Segment Open
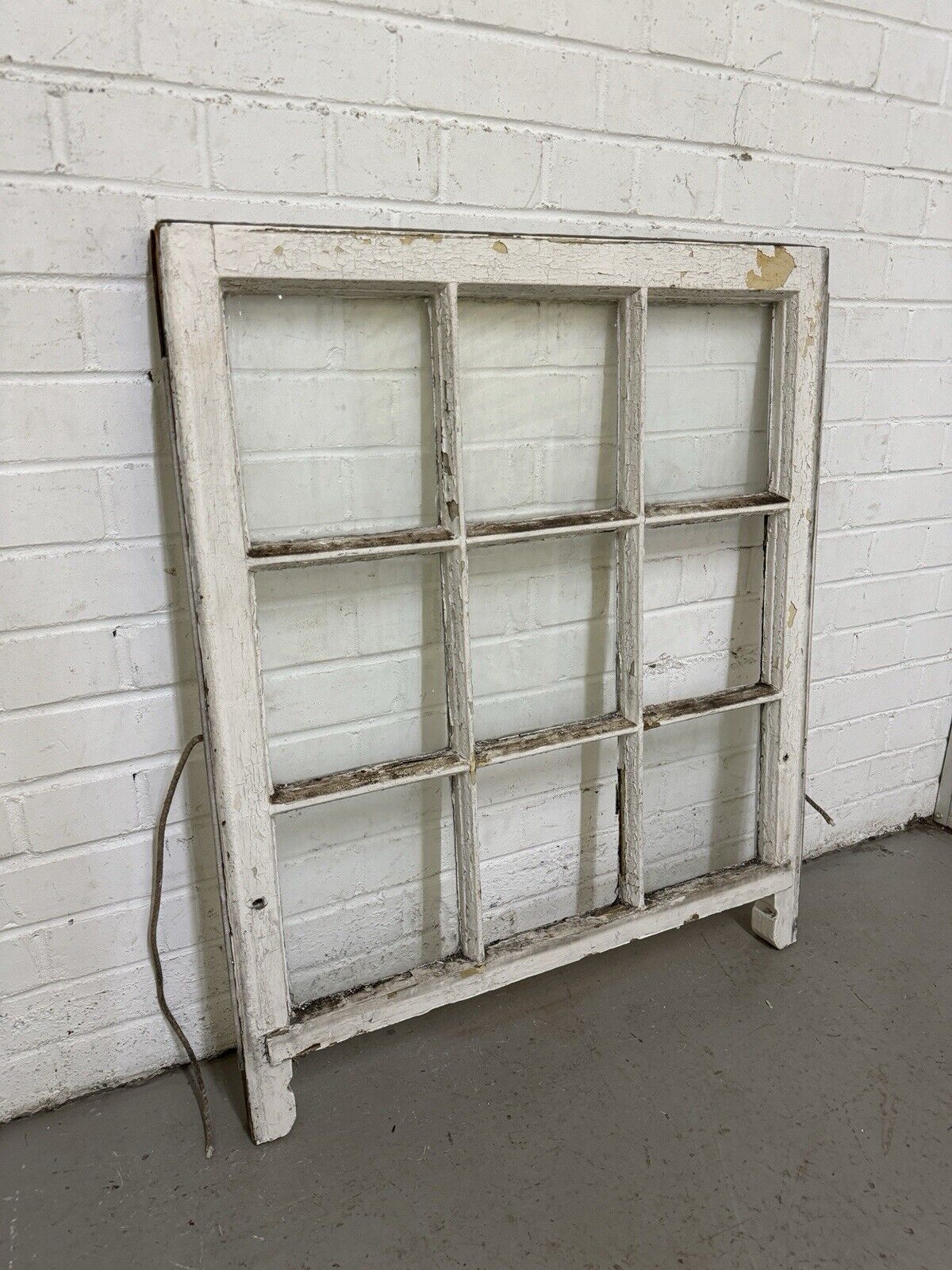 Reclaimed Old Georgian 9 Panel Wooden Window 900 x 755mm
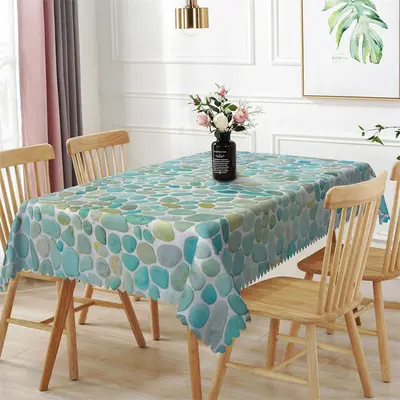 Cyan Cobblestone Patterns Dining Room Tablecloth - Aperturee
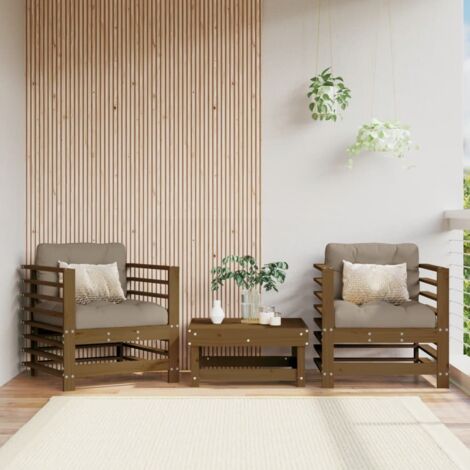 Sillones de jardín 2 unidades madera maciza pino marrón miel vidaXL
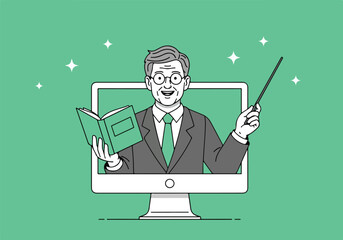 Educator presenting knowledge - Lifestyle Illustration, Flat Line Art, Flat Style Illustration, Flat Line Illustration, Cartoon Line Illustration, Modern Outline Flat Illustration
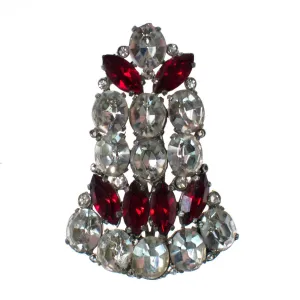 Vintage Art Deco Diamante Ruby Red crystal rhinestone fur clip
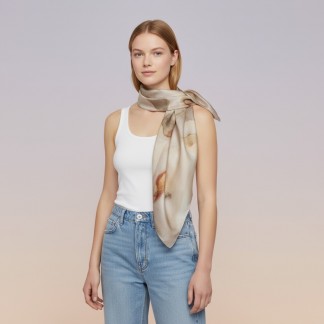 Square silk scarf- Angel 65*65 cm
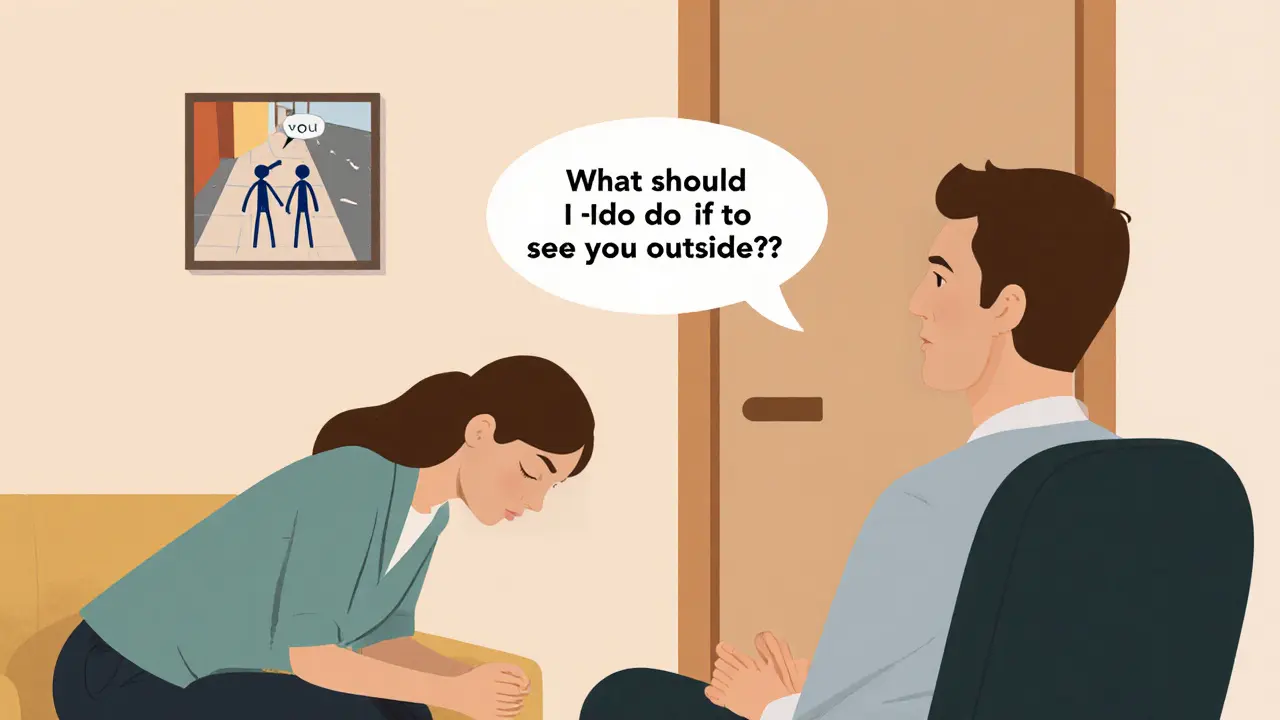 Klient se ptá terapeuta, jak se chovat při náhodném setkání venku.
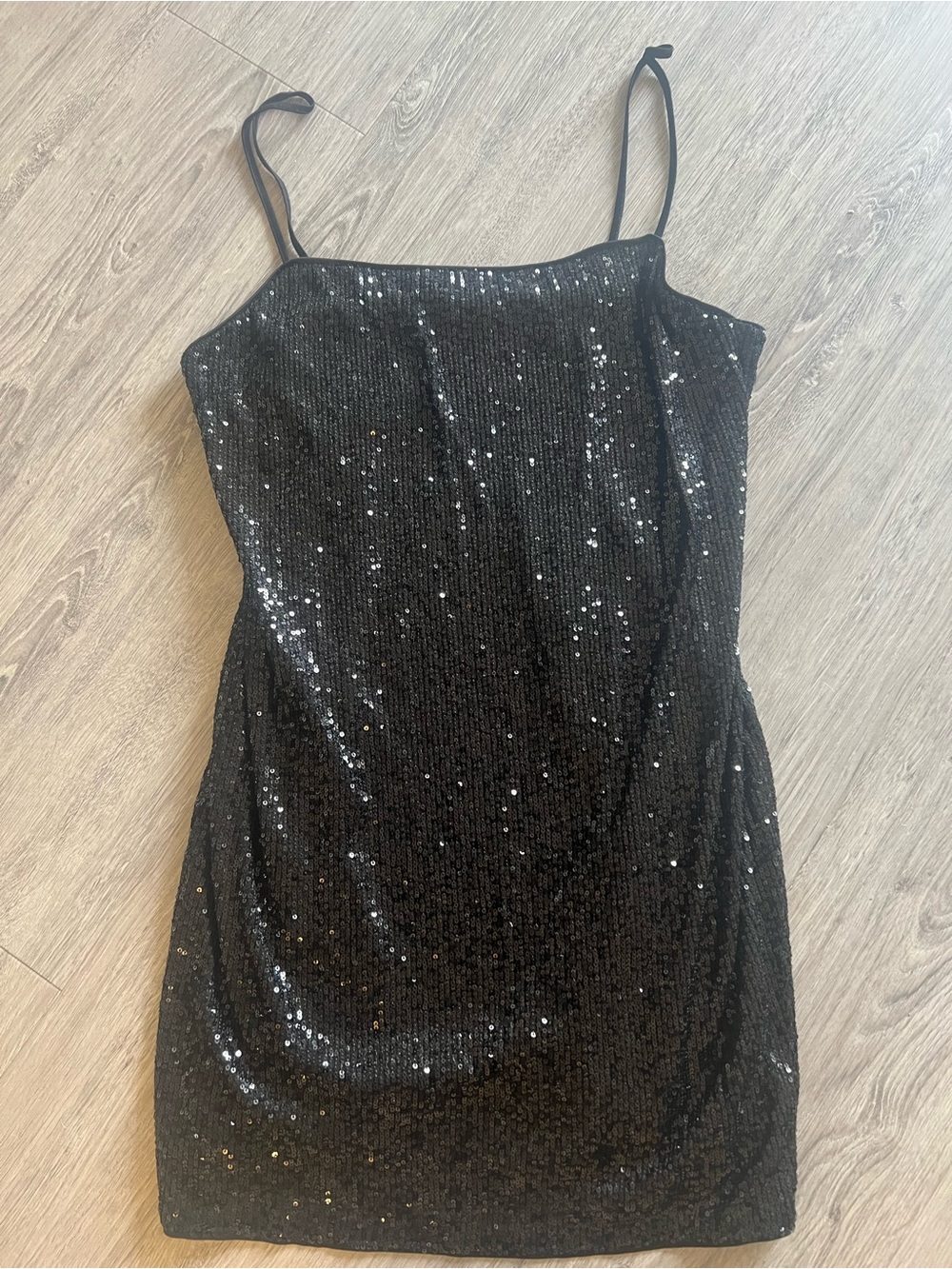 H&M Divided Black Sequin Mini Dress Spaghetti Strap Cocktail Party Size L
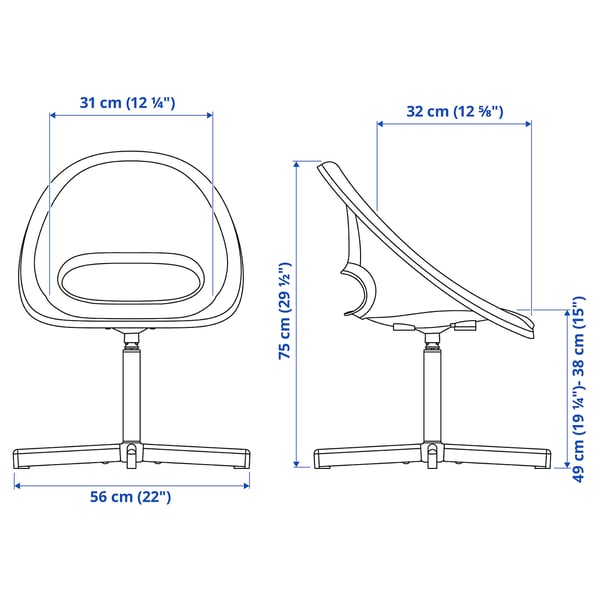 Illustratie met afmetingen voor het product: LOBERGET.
Segment Closed
Starting at the line that contains "H&M Divided Black", retype each line through the final one in the listing, with both ends kept and the pictures omitted.

ANSWER TO THIS PROBLEM:
 H&M Divided Black Sequin Mini Dress Spaghetti Strap Cocktail Party Size L
 Illustratie met afmetingen voor het product: LOBERGET.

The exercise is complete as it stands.